I'm pretty sure using async/await would solve for this, but have not been able to get it to work. Any idea how I can ensure that the notificationToken loads from firebase to my redux state first before I run any functions within my componentDidMount() function? Code below - thank you!
src/screens/Dashboard.js
Should I use a .then() or async/await operator to ensure the notificationToken loads prior to running it through the getExistingPermission() function?
import {
getExistingPermission
} from '../components/Notifications/NotificationFunctions';
componentDidMount = async () => {
// Listener that loads the user, reminders, contacts, and notification data
this.unsubscribeCurrentUserListener = currentUserListener((snapshot) => {
try {
this.props.watchUserData();
} catch (e) {
this.setState({ error: e, });
}
});
if (
!getExistingPermission(
this.props.notificationToken, //this doesn't load in time
this.props.user.uid)
) {
this.setState({ showNotificationsModal: true });
}
};
src/components/Notifications/NotificationFunctions.js
The problem is probably not here
export const getExistingPermission = async (
notificationToken,
uid,
) => {
const { status: existingStatus } = await Permissions.askAsync(
Permissions.NOTIFICATIONS
);
if (existingStatus !== 'granted') {
console.log('status not granted');
return false;
} else {
let token = await Notifications.getExpoPushTokenAsync();
/* compare to the firebase token; if it's the same, do nothing,
if it's different, replace */
if (token === notificationToken) {
console.log('existing token loaded');
return true;
} else {
console.log('token: ' + token);
console.log('notificationToken: ' + notificationToken);
console.log('token is not loading, re-writing token to firebase');
writeNotificationToken(uid, token);
return false;
}
}
};
src/actions/actions.js
// Permissions stuff
watchPermissions = (uid) => (
(dispatch) => {
getPermissions(uid + '/notificationToken', (snapshot) => {
try {
dispatch(loadNotificationToken(Object.values([snapshot.val()])[0]));
}
catch (error) {
dispatch(loadNotificationToken(''));
// I could call a modal here so this can be raised at any point of the flow
}
});
}
);
// User Stuff
export const watchUserData = () => (
(dispatch) => {
currentUserListener((user) => {
if (user !== null) {
console.log('from action creator: ' + user.displayName);
dispatch(loadUser(user));
dispatch(watchReminderData(user.uid)); //listener to pull reminder data
dispatch(watchContactData(user.uid)); //listener to pull contact data
dispatch(watchPermissions(user.uid)); //listener to pull notificationToken
} else {
console.log('from action creator: ' + user);
dispatch(removeUser(user));
dispatch(logOutUser(false));
dispatch(NavigationActions.navigate({ routeName: 'Login' }));
}
});
}
);
export const loadNotificationToken = (notificationToken) => (
{
type: 'LOAD_NOTIFICATION_TOKEN',
notificationToken,
}
);
Tony gave me the answer.

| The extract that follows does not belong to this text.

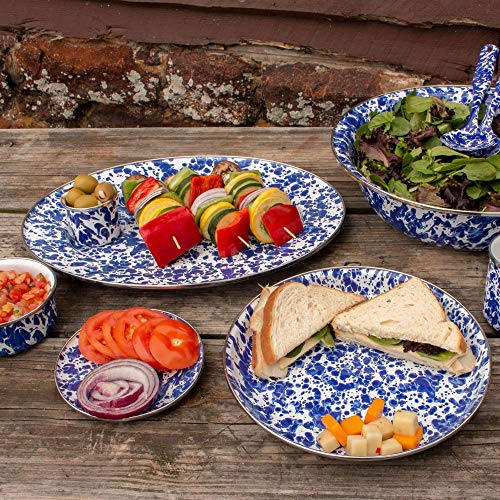 Elegant Cobalt Blue Swirl Oval Serving Platter - Perfect for Dinner Parties, Cheese Boards & Home Decor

Needed to move the permissions check to componentDidUpdate(). For those having a similar issue, the component looks like this:
src/screens/Dashboard.js
componentDidUpdate = (prevProps) => {
if (!prevProps.notificationToken && this.props.notificationToken) {
if (!getExistingPermission(
this.props.notificationToken,
this.props.user.uid
)) {
this.setState({ showNotificationsModal: true });
}
}
};
Take a look at redux subscribers for this: https://redux.js.org/api-reference/store#subscribe . I implement a subscriber to manage a small state machine like STATE1_DO_THIS, STATE2_THEN_DO_THAT and store that state in redux and use it to render your component. Only the subscriber should change those states. That gives you a nice way to handle tricky flows where you want to wait on action1 finishing before doing action2. Does this help?